As I mentioned yesterday
, the goals are lofty, and that's putting it mildly. But what about integration? Will integration be a major factor in this Big Data play?
When you talk about Big Data, most people think about Hadoop, so let's start there. Obviously, integrating with Hadoop has been a big topic in the past year, with most of the focus on how you pull data from Hadoop and into existing analytics systems. I've written about it numerous times on this blog as data vendors announced Hadoop connectors and other ways to solve the integration problem on that end.
But I wondered about the issue of going into Hadoop - is that a problem when you're dealing with legacy systems, I asked Forrester analyst James Kobielus
. No, not really, he responded.
"Think of Hadoop as in the broadest sense, just another type of database for analytics, just like a data warehouse or an OLAP cube on a different level," Kobielus explained. "So how do you get data into these environments? You use data loading tools - ETL and data replication tools. There's plenty of tools out there in the industry at large."
In fact, he added, the major data warehousing companies already support bi-lateral connectors to move data into and out of Hadoop clusters.

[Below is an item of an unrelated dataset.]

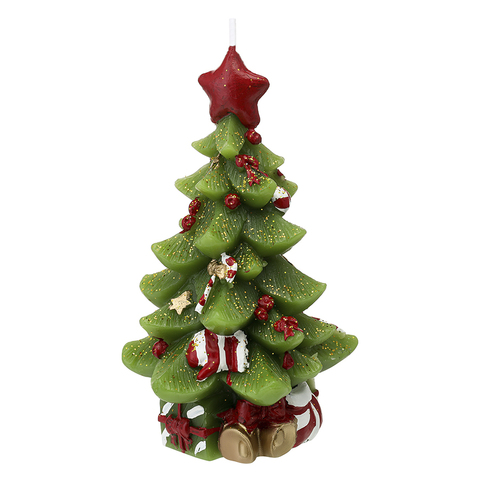 Свеча декоративная 17.8см Tkano New Year Essential Green Miracle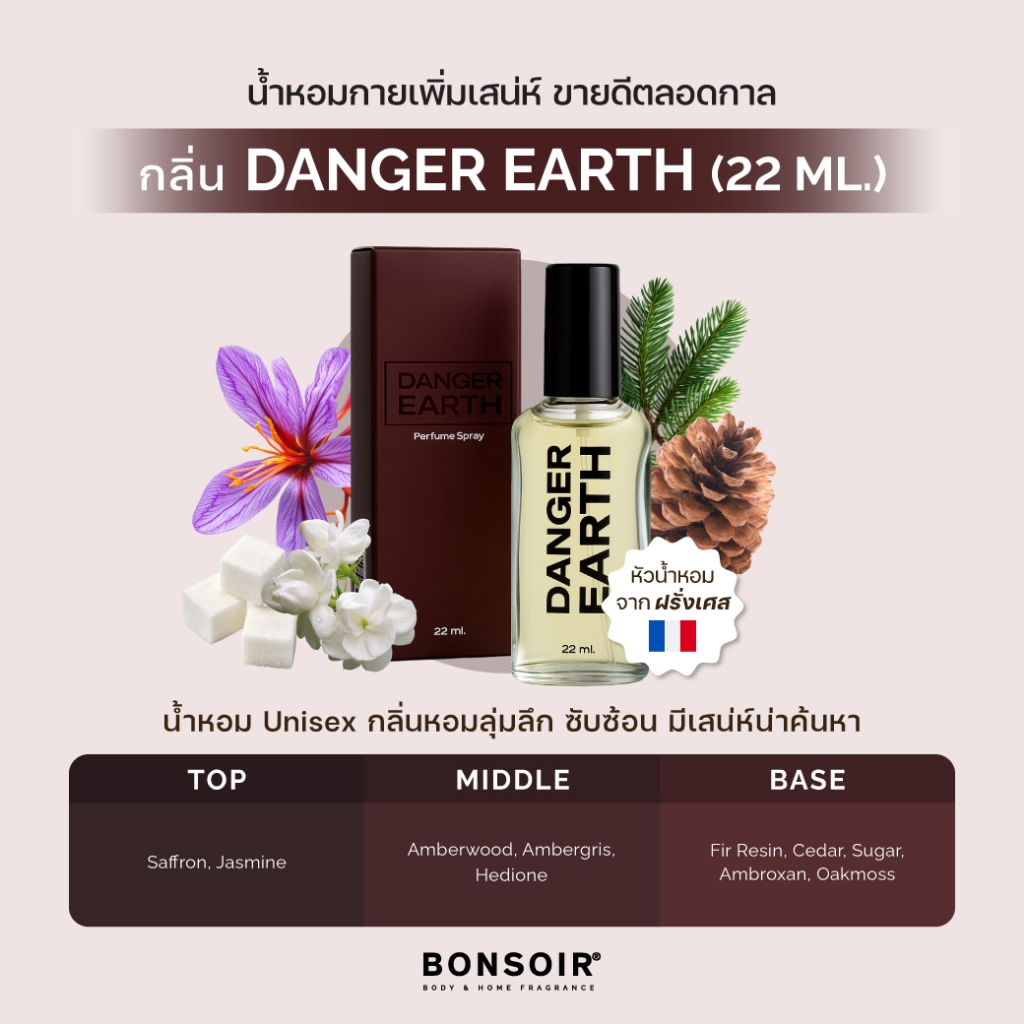 [ส่งตรงจากแบรนด์] น้ำหอม บองซัวร์ BONSOIR DANGER EARTH 22 ML Perfume แดนเจอร์เอิร์ธ น้ำหอม Unisex หรูหรา แกลม แพง ไฮโซ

But the federal government isn't just talking about Hadoop, he added. It's talking about all Big Data options.
"I expect the feds are going to use big data platforms of various sorts to do advanced analytics - complex content, structured data coming from various relational databases and unstructured content coming from other file systems and content management systems and possibly even external social media, like filtering social media," he said. "What I'm getting at is the feds it's clear that they're just putting money into big data for various project but they're not hinging that on any specific approach for doing big data.
"The bottom line is this is not so much that they have a Hadoop initiative, but clearly a lot of that $200 million will be invested in solutions that probably incorporate a lot of Hadoop, because that's the latest and greatest new approach for doing petabytes of data in real time and in real time coming from multifarious sources, structured to unstructured."
Randall Jackson, vice president for operational database company MarkLogic
, Public Sector, pointed out federal agencies will need to choose carefully to find the right solution for the particular Big Data problem they want to address.
"Integration is certainly a challenge for organizations which need to bring together and use structured and unstructured data," Jackson said. "There is a portfolio of powerful software tools, including Hadoop, available to solve Big Data challenges. It's imperative to choose the right set of tools to mitigate the amount of integration needed."
OK, so Big Data integration, on a tactical level may not be a major challenge.
Then again, technology is seldom the biggest problem on the road to integration. What's really tricky is integration on a strategic level.
If politics is, as political scientist Harold Dwight Lasswell
contended, "who gets what, when, and how," then data integration is, at its core, political. Integrating data requires a tunnel through organizational silos, convincing people to share, and establishing data governance that allows integration while still maintaining data's integrity.
President Obama's announcement sends a strong top-down mandate that it's time to break down the walls of data.
"Today's event highlights how cooperation and collaboration among agencies, researchers, the private sector, universities and others can overcome these challenges to unlock the true power of big data for a more effective government," Jackson said. "I think this could signify a tremendous step forward for technology and within the public sector."
The question is, can it overcome the gravity of its own bureaucracy to tackle the integration challenges it faces? In the years I've been covering integration, I've seen the federal IT system make huge strives that suggest it can, as long as it doesn't forget the integration challenges that come with data, both big and small.